Descritores: Dopplervelocimetria, Artéria oftálmica, Artéria central da retina, Vasos orbitais

Keywords: Dopplervelocimetry, Ophthalmic artery, Central retinal artery, Orbital vessels

Resumo:
A dopplervelocimetria colorida é uma modalidade do exame ultra-sonográfico que se expandiu rapidamente em todas as áreas da medicina, em virtude da sua riqueza de informações. A dopplervelocimetria colorida das artérias orbitais tem sido empregada no auxílio diagnóstico de doenças oftalmológicas, bem como para o estudo de doenças específicas como a pré-eclâmpsia. O objetivo deste estudo é descrever a anatomia normal da região orbital e detalhar a técnica de exame dopplervelocimétrico colorido, tendo em vista ser este um exame acessível e reprodutível. Acreditamos que surgirão novas aplicações deste método, que deverá ser inserido na prática diária do radiologista, visando à melhoria da qualidade do diagnóstico e seguimento das doenças oculares e sistêmicas.

Abstract:
Color dopplervelocimetry is an ultrasound modality that has rapidly expanded to all medical areas due to the large amount of information that can be obtained. Orbital color dopplervelocimetry has been used for the diagnosis of ophthalmic disorders and to study specific diseases such as preeclampsia. The aim of this study is to describe the normal anatomy of the orbit and the technical details of color dopplervelocimetry, since this is an accessible and reproducible technique. We believe that new applications for this technique will emerge and that it will be introduced in the daily practice of radiologists to improve the quality of diagnosis and follow-up of ocular and systemic diseases.

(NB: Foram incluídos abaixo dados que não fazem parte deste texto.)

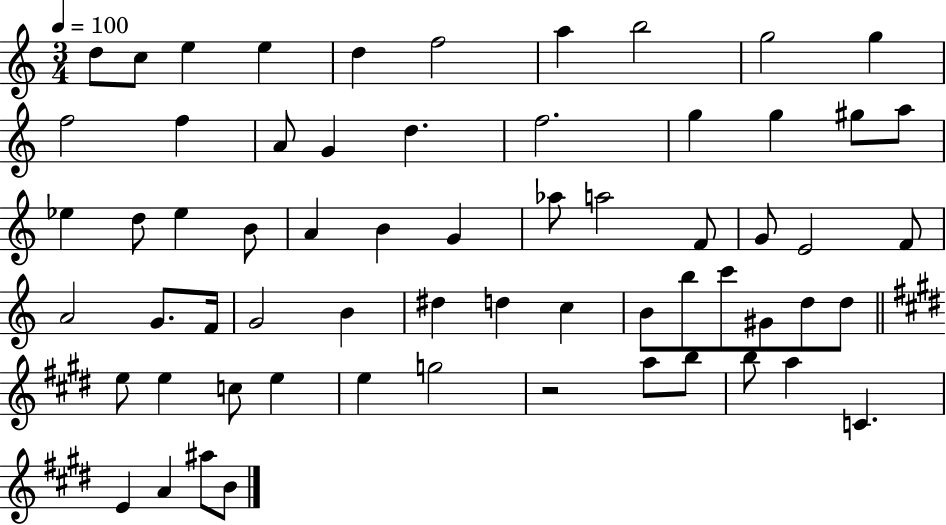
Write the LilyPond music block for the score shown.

{
  \clef treble
  \numericTimeSignature
  \time 3/4
  \key c \major
  \tempo 4 = 100
  d''8 c''8 e''4 e''4 | d''4 f''2 | a''4 b''2 | g''2 g''4 | \break f''2 f''4 | a'8 g'4 d''4. | f''2. | g''4 g''4 gis''8 a''8 | \break ees''4 d''8 ees''4 b'8 | a'4 b'4 g'4 | aes''8 a''2 f'8 | g'8 e'2 f'8 | \break a'2 g'8. f'16 | g'2 b'4 | dis''4 d''4 c''4 | b'8 b''8 c'''8 gis'8 d''8 d''8 | \break \bar "||" \break \key e \major e''8 e''4 c''8 e''4 | e''4 g''2 | r2 a''8 b''8 | b''8 a''4 c'4. | \break e'4 a'4 ais''8 b'8 | \bar "|."
}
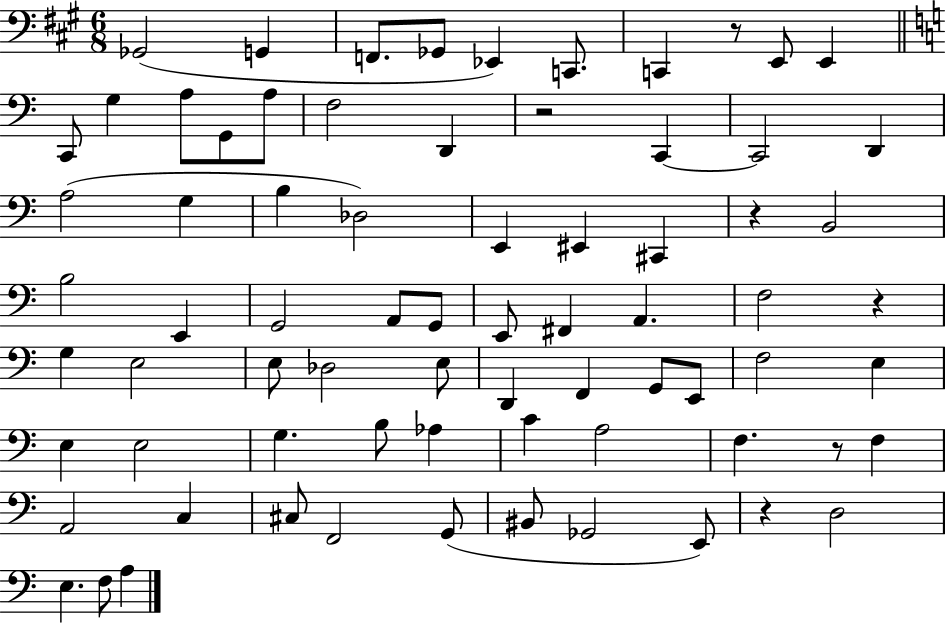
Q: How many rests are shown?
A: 6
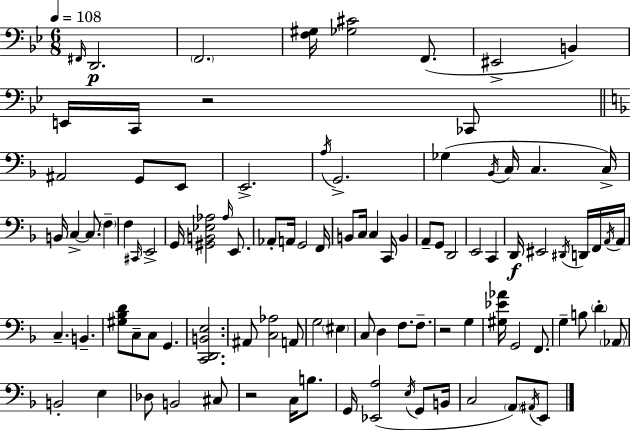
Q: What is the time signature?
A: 6/8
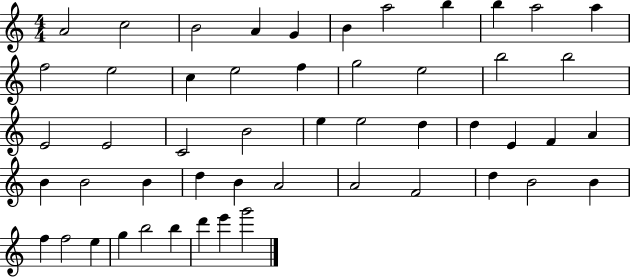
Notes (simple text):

A4/h C5/h B4/h A4/q G4/q B4/q A5/h B5/q B5/q A5/h A5/q F5/h E5/h C5/q E5/h F5/q G5/h E5/h B5/h B5/h E4/h E4/h C4/h B4/h E5/q E5/h D5/q D5/q E4/q F4/q A4/q B4/q B4/h B4/q D5/q B4/q A4/h A4/h F4/h D5/q B4/h B4/q F5/q F5/h E5/q G5/q B5/h B5/q D6/q E6/q G6/h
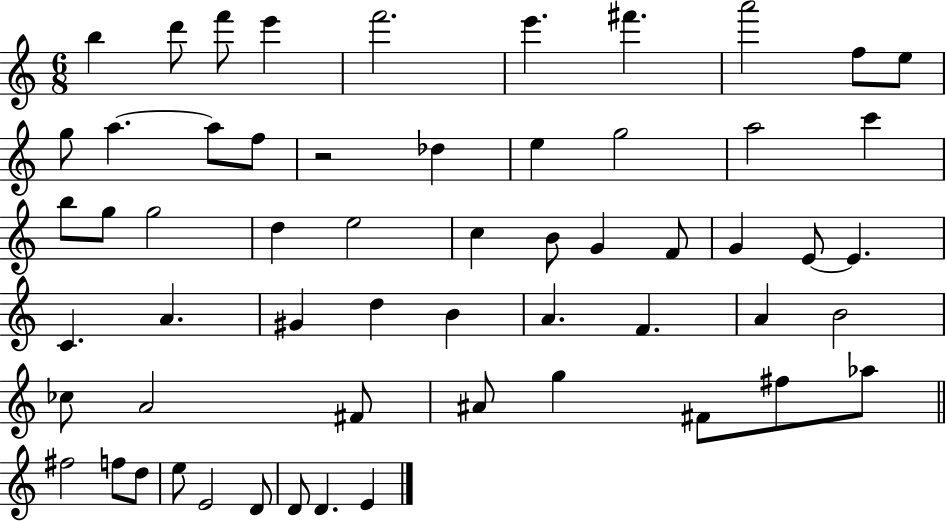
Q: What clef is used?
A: treble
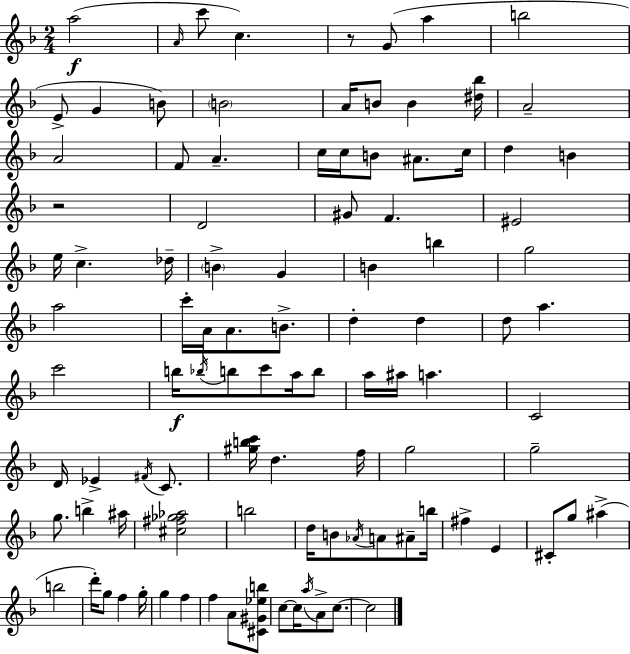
A5/h A4/s C6/e C5/q. R/e G4/e A5/q B5/h E4/e G4/q B4/e B4/h A4/s B4/e B4/q [D#5,Bb5]/s A4/h A4/h F4/e A4/q. C5/s C5/s B4/e A#4/e. C5/s D5/q B4/q R/h D4/h G#4/e F4/q. EIS4/h E5/s C5/q. Db5/s B4/q G4/q B4/q B5/q G5/h A5/h C6/s A4/s A4/e. B4/e. D5/q D5/q D5/e A5/q. C6/h B5/s Bb5/s B5/e C6/e A5/s B5/e A5/s A#5/s A5/q. C4/h D4/s Eb4/q F#4/s C4/e. [G#5,B5,C6]/s D5/q. F5/s G5/h G5/h G5/e. B5/q A#5/s [C#5,F#5,Gb5,Ab5]/h B5/h D5/s B4/e Ab4/s A4/e A#4/e B5/s F#5/q E4/q C#4/e G5/e A#5/q B5/h D6/s G5/e F5/q G5/s G5/q F5/q F5/q A4/e [C#4,G#4,Eb5,B5]/e C5/e C5/s A5/s A4/e C5/e. C5/h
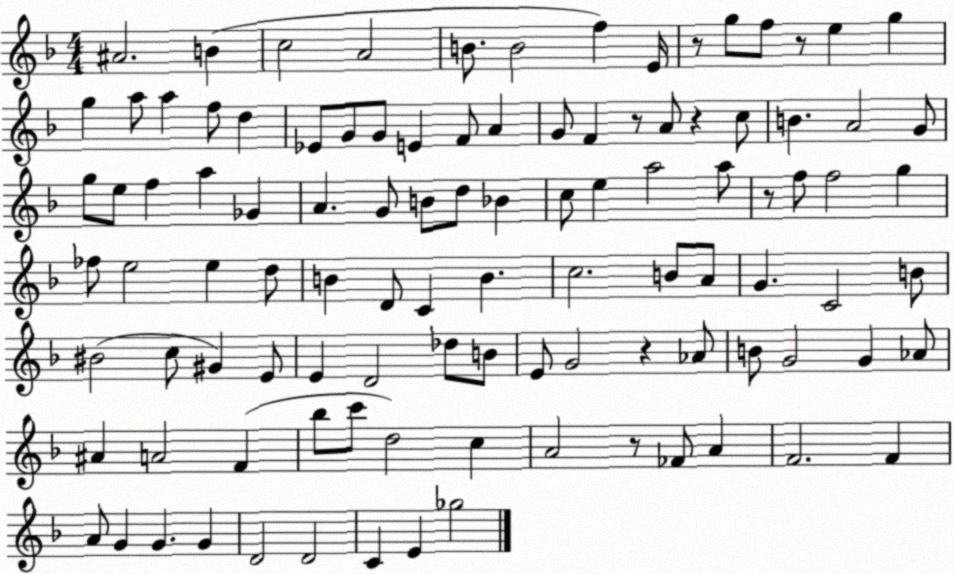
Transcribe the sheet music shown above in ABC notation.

X:1
T:Untitled
M:4/4
L:1/4
K:F
^A2 B c2 A2 B/2 B2 f E/4 z/2 g/2 f/2 z/2 e g g a/2 a f/2 d _E/2 G/2 G/2 E F/2 A G/2 F z/2 A/2 z c/2 B A2 G/2 g/2 e/2 f a _G A G/2 B/2 d/2 _B c/2 e a2 a/2 z/2 f/2 f2 g _f/2 e2 e d/2 B D/2 C B c2 B/2 A/2 G C2 B/2 ^B2 c/2 ^G E/2 E D2 _d/2 B/2 E/2 G2 z _A/2 B/2 G2 G _A/2 ^A A2 F _b/2 c'/2 d2 c A2 z/2 _F/2 A F2 F A/2 G G G D2 D2 C E _g2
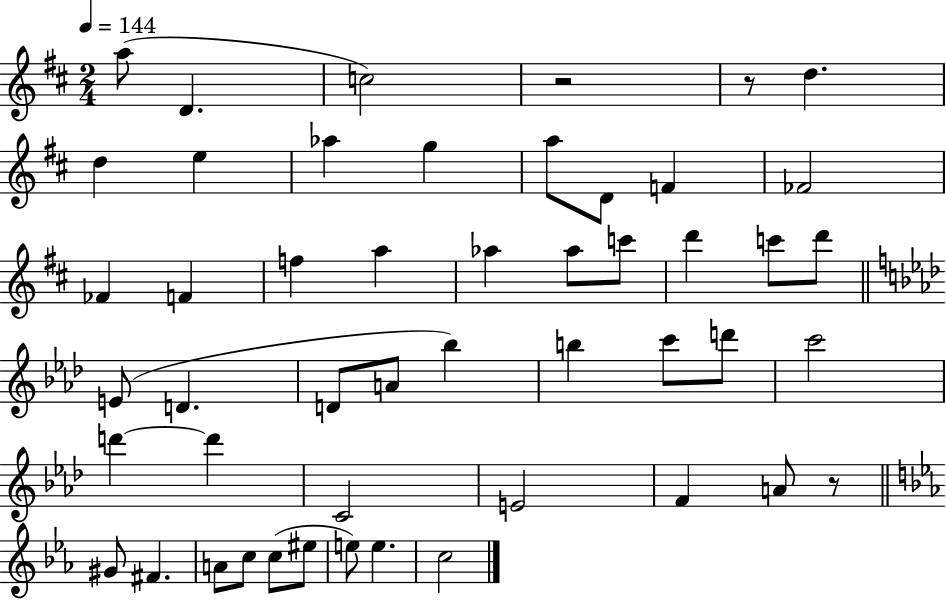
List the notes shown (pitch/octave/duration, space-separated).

A5/e D4/q. C5/h R/h R/e D5/q. D5/q E5/q Ab5/q G5/q A5/e D4/e F4/q FES4/h FES4/q F4/q F5/q A5/q Ab5/q Ab5/e C6/e D6/q C6/e D6/e E4/e D4/q. D4/e A4/e Bb5/q B5/q C6/e D6/e C6/h D6/q D6/q C4/h E4/h F4/q A4/e R/e G#4/e F#4/q. A4/e C5/e C5/e EIS5/e E5/e E5/q. C5/h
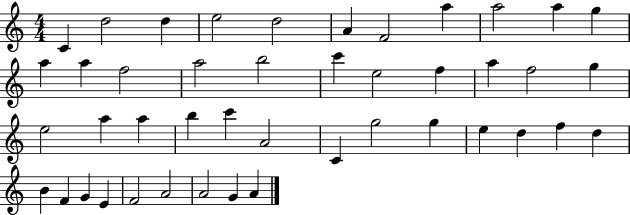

IIIProfessora Titular do Departamento de Ginecologia e Obstetrícia da Universidade Federal de Uberlândia (UFU)
IVProfessor Livre-Docente do Departamento de Obstetrícia da Unifesp/EPM

Endereço para correspondência

 

 

INTRODUÇÃO

Em várias doenças oftálmicas, como a retinopatia diabética e o glaucoma, há alterações significativas no padrão vascular ocular. A identificação destas alterações vasculares é importante, pois auxilia na programação de condutas terapêuticas. Existe grande interesse em se desenvolver novas técnicas não invasivas, acessíveis e reprodutíveis para o estudo da vascularização ocular.

Uma das técnicas descritas inicialmente para a análise da artéria oftálmica foi a dopplerfluxometria em preto e branco, porém este método mostrou-se muito impreciso, pois os vasos da circulação orbital são de pequeno calibre, o que reduzia a fidelidade dos dados obtidos durante o exame(1).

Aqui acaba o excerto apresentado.